Set down again exactly the lines of the listing below that fall between the line holding "Newport Embroidered Linen and Cotton-Blend Tuxedo Jacket Newport" and the line holding "전자 색상 변경 조명", inclusive.

------------

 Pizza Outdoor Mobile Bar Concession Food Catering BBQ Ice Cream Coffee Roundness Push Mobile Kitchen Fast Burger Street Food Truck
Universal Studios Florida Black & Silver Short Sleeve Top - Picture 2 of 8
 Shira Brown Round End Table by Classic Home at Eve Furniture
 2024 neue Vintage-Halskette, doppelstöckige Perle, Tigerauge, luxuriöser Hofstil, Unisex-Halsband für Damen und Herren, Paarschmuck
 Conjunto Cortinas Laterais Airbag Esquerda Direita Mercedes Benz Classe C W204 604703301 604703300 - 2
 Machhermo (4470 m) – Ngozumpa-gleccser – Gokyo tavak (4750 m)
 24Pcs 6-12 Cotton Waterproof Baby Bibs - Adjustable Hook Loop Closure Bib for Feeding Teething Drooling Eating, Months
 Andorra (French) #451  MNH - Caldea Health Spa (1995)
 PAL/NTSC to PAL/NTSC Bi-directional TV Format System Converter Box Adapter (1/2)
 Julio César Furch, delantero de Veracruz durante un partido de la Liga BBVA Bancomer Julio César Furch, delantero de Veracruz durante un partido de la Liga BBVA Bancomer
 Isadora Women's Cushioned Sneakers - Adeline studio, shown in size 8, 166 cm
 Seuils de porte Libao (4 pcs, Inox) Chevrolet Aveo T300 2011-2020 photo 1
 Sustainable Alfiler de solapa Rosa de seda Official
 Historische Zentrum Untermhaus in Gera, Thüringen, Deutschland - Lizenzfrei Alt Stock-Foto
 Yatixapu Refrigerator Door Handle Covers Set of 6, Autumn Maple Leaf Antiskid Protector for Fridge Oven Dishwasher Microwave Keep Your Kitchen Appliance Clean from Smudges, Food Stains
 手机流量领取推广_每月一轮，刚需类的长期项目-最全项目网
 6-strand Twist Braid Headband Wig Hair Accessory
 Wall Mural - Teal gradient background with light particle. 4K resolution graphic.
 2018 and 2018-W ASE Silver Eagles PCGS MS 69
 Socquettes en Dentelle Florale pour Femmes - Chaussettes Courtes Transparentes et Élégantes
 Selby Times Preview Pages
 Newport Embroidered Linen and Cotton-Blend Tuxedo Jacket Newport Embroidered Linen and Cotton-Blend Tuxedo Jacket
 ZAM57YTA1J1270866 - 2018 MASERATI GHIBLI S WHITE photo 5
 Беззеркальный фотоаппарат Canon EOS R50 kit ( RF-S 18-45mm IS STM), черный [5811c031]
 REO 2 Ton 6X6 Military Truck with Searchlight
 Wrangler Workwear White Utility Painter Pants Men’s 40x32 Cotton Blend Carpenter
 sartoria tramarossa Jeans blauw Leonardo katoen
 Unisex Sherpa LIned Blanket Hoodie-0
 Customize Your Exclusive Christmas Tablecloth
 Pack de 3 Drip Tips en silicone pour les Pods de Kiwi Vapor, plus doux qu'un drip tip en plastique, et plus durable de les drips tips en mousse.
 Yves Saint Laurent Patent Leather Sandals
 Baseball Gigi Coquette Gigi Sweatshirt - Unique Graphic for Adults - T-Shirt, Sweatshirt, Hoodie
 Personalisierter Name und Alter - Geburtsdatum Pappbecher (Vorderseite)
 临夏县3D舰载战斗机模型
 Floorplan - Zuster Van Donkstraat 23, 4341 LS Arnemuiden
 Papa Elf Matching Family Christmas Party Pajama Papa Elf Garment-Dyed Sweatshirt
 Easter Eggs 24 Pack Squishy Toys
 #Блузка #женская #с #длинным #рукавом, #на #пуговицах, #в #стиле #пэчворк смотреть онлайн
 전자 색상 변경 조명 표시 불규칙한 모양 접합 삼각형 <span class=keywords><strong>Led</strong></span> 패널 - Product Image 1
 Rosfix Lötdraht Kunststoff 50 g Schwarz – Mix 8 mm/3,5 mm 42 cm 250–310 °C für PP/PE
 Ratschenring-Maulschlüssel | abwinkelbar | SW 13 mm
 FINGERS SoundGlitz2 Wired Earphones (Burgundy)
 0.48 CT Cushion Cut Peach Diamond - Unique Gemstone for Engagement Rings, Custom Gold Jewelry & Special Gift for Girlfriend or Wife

------------

▶ **TASK OUTPUT**:
 Newport Embroidered Linen and Cotton-Blend Tuxedo Jacket Newport Embroidered Linen and Cotton-Blend Tuxedo Jacket
 ZAM57YTA1J1270866 - 2018 MASERATI GHIBLI S WHITE photo 5
 Беззеркальный фотоаппарат Canon EOS R50 kit ( RF-S 18-45mm IS STM), черный [5811c031]
 REO 2 Ton 6X6 Military Truck with Searchlight
 Wrangler Workwear White Utility Painter Pants Men’s 40x32 Cotton Blend Carpenter
 sartoria tramarossa Jeans blauw Leonardo katoen
 Unisex Sherpa LIned Blanket Hoodie-0
 Customize Your Exclusive Christmas Tablecloth
 Pack de 3 Drip Tips en silicone pour les Pods de Kiwi Vapor, plus doux qu'un drip tip en plastique, et plus durable de les drips tips en mousse.
 Yves Saint Laurent Patent Leather Sandals
 Baseball Gigi Coquette Gigi Sweatshirt - Unique Graphic for Adults - T-Shirt, Sweatshirt, Hoodie
 Personalisierter Name und Alter - Geburtsdatum Pappbecher (Vorderseite)
 临夏县3D舰载战斗机模型
 Floorplan - Zuster Van Donkstraat 23, 4341 LS Arnemuiden
 Papa Elf Matching Family Christmas Party Pajama Papa Elf Garment-Dyed Sweatshirt
 Easter Eggs 24 Pack Squishy Toys
 #Блузка #женская #с #длинным #рукавом, #на #пуговицах, #в #стиле #пэчворк смотреть онлайн
 전자 색상 변경 조명 표시 불규칙한 모양 접합 삼각형 <span class=keywords><strong>Led</strong></span> 패널 - Product Image 1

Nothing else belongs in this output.